Fig. 3: SLRL2 and NF-YB1 regulation of Wx transcription.

a Transcriptional activity analysis of the interaction between SLRL2 and NF-YB1. The experimental value of the pGBD and 62-SK co-transformation group was set to 1. 62-SK is an empty vector for overexpression of the target gene under the control of the 35S promoter. b Dual-luciferase reporter assay to study the regulation of Wx gene expression by SLRL2 and NF-YB1. The value from the 62-SK and Wxpro-LUC co-transformation group was set to 1. In (a, b), data are means ± SD (n = 5 biological replicates).

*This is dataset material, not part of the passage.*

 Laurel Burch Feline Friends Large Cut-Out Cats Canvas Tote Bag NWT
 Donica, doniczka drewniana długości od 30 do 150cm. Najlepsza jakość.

Different letters indicate significant differences (P < 0.05, one-way ANOVA with two-sided Tukey’s HSD test). P values are shown in the Source Data file. c ChIP-qPCR assay showed that the P1 region of the Wx promoter was significantly enriched for the transcription factor NF-YB1. d ChIP-qPCR assay showed that the P1 region of the Wx promoter was also significantly enriched by SLRL2. In (c, d), error bars represent SD (n = 3 independent experiments). Enriched values are normalized to the input. An unrelated OsActin1 intron region was used as a negative control. IgG-immunoprecipitated DNA was used as a control. Statistical analysis was performed using a two-sided Student’s t test. e EMSA analysis revealed the direct interaction between NF-YB1 and the Wx promoter. f EMSA analysis showed that SLRL2 antagonized the binding activity of NF-YB1 to the Wx promoter. g Degradation analysis of NF-YB1 protein in the absence or presence of SLRL2 or its mutant form SLRL2△C3 protein. Protein samples were collected at the indicated time point for the following Western blot assay. The amount of NF-YB1-Myc protein was detected with an anti-Myc antibody, while the amount of SLRL2-Flag or SLRL2△C3-Flag protein was quantified with an anti-Flag antibody. The experiments in (e, f, g) were independently repeated three times with similar results. The source data are provided in a Source Data file. h Deletion of G-box, the NF-YB1 binding site, reduced the promoting effect of NF-YB1 on Wx expression but had no significant effect on the repressing effect of SLRL2 on Wx expression. i Determination of the regulation of Wx genes by NF-YB1 and SLRL2 in nf-yb1 mutants. In (h, i), error bars represent SD (n = 5 biological replicates). Different lowercase letters above error bars indicate significant differences as determined by one-way ANOVA with Tukey’s HSD test. P values are shown in the Source Data file.